Optimizing SWE-agent Evaluation Pipelines——2026.02.02
📝 Technical Daily: SWE-agent Evaluation Post-Mortem & Optimization
Date: February 2, 2026
1. Progress & Root Cause Analysis (RCA)
- Storage & Environment Bottlenecks: * The evaluation endpoint’s 600GB storage reached capacity due to accumulated, uncleared Docker images, causing the task to crash at instance #298.
- Lessons Learned: While an additional 800GB was mounted, the default Docker root directory remained on the primary partition. Combined with Docker Hub rate-limiting and RunPod node instability, this led to multiple execution failures.
- Compute Resource Tuning: * Experimented with both NVIDIA RTX 4090 and A6000. Although the A6000 offers superior VRAM, improper parameter configuration resulted in sub-optimal performance. I have temporarily reverted to the 4090 to maintain a stable baseline.
- Current Status: * After overnight debugging, I successfully completed a full inference pass.
- Throughput: 29 instances submitted during the SWE-agent inference phase (~9.7% submission rate).
2. Key Findings & Evaluation Metrics
- Evaluation Pipeline: Confirmed that SWE-agent does not trigger automatic evaluation by default (online evaluation requires explicit activation). I have now successfully established a local evaluation pipeline to bypass external dependencies.
- Preliminary Results: * Out of the 29 submissions, only 19 batches were non-empty.
- Pass@1 Rate: Currently 0%.
- Failure Analysis: Investigating two primary hypotheses:
- Pipeline/Environment Mismatch: The generated patches may not be applying correctly due to configuration errors or script mismatches.
- Model Capability Ceiling: The current model may lack the reasoning depth required for complex SWE-bench tasks.
3. Optimization Roadmap & Next Steps
- Throughput & Concurrency Tuning:
- Worker Optimization: Calibrate the number of parallel workers to find the “sweet spot” between VRAM utilization and system stability to prevent OOM (Out of Memory) crashes.
- Context Window Expansion: Test increasing the token limit from 8k to 16k to evaluate the marginal gain of longer context on problem-solving accuracy.

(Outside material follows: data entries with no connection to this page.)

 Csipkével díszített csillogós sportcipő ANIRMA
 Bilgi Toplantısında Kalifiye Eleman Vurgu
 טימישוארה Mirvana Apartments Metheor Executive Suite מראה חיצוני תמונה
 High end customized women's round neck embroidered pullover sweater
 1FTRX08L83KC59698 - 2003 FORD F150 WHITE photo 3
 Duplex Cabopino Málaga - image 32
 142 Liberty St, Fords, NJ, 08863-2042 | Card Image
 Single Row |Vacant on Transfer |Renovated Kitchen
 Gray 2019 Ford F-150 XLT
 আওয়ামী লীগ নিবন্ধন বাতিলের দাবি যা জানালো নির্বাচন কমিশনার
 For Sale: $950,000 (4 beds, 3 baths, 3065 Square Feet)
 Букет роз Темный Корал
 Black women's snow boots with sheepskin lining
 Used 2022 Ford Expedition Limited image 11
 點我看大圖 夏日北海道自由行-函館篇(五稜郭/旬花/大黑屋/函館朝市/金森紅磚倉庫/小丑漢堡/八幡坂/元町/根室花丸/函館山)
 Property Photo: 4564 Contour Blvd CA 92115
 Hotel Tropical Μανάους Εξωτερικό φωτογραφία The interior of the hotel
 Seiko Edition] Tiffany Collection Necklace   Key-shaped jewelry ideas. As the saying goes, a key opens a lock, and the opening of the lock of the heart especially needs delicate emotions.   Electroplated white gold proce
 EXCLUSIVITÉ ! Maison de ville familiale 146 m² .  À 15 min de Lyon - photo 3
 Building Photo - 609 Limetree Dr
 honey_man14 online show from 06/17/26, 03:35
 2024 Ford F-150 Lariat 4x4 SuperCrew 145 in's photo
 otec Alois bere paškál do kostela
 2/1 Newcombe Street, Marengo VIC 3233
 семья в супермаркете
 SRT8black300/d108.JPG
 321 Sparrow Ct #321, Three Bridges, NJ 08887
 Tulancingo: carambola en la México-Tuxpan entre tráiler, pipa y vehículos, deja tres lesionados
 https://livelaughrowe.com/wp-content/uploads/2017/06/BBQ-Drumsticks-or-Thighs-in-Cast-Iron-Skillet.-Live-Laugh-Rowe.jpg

- Model Validation (Baseline Alignment):
- Following the advisor’s recommendation, I will benchmark Qwen2.5-Coder (Flash) with a 32k context window.
- Benchmark Goal: Target a 20-30% success rate. If achieved, it validates the pipeline; if it fails, it confirms an environmental issue.
- Config & Training:
- Refine the
swe-agent.yamlconfiguration to reduce inference redundancy. - Simultaneously push forward with SFT (Supervised Fine-Tuning) and Dataset Refinement.
- Refine the
4. Resource Utilization
- Cursor Pro Quota: Consumption is extremely high due to intensive code generation and debugging. The new account reached 1/3 of its weekly quota within the first 24 hours. Usage management is now a priority.